*Dataset items*
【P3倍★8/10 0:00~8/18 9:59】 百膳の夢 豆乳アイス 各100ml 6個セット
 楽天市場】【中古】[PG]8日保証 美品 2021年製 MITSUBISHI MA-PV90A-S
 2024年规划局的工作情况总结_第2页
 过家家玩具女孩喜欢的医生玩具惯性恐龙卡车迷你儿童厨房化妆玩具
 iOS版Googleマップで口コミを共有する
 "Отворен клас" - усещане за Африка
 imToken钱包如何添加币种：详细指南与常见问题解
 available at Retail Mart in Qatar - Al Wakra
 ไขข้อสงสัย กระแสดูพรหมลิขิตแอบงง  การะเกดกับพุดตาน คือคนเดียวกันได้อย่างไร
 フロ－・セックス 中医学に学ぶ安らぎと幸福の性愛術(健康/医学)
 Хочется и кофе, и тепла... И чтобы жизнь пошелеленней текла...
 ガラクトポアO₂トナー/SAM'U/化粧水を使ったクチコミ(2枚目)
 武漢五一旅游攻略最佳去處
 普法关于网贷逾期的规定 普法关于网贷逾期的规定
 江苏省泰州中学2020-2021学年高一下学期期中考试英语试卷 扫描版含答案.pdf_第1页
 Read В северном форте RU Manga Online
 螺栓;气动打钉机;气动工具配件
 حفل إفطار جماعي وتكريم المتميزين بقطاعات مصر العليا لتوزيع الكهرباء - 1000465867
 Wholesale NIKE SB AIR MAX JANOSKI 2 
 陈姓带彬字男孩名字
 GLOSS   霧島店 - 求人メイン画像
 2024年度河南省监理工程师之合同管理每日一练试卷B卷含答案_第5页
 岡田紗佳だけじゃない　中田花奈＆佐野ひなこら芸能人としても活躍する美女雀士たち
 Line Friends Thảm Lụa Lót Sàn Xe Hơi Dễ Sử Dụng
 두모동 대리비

*WHAT THIS TASK INVOLVES*
The entries above are to be copied word for word.

*PROBLEM SOLUTION*
【P3倍★8/10 0:00~8/18 9:59】 百膳の夢 豆乳アイス 各100ml 6個セット
 楽天市場】【中古】[PG]8日保証 美品 2021年製 MITSUBISHI MA-PV90A-S
 2024年规划局的工作情况总结_第2页
 过家家玩具女孩喜欢的医生玩具惯性恐龙卡车迷你儿童厨房化妆玩具
 iOS版Googleマップで口コミを共有する
 "Отворен клас" - усещане за Африка
 imToken钱包如何添加币种：详细指南与常见问题解
 available at Retail Mart in Qatar - Al Wakra
 ไขข้อสงสัย กระแสดูพรหมลิขิตแอบงง  การะเกดกับพุดตาน คือคนเดียวกันได้อย่างไร
 フロ－・セックス 中医学に学ぶ安らぎと幸福の性愛術(健康/医学)
 Хочется и кофе, и тепла... И чтобы жизнь пошелеленней текла...
 ガラクトポアO₂トナー/SAM'U/化粧水を使ったクチコミ(2枚目)
 武漢五一旅游攻略最佳去處
 普法关于网贷逾期的规定 普法关于网贷逾期的规定
 江苏省泰州中学2020-2021学年高一下学期期中考试英语试卷 扫描版含答案.pdf_第1页
 Read В северном форте RU Manga Online
 螺栓;气动打钉机;气动工具配件
 حفل إفطار جماعي وتكريم المتميزين بقطاعات مصر العليا لتوزيع الكهرباء - 1000465867
 Wholesale NIKE SB AIR MAX JANOSKI 2 
 陈姓带彬字男孩名字
 GLOSS   霧島店 - 求人メイン画像
 2024年度河南省监理工程师之合同管理每日一练试卷B卷含答案_第5页
 岡田紗佳だけじゃない　中田花奈＆佐野ひなこら芸能人としても活躍する美女雀士たち
 Line Friends Thảm Lụa Lót Sàn Xe Hơi Dễ Sử Dụng
 두모동 대리비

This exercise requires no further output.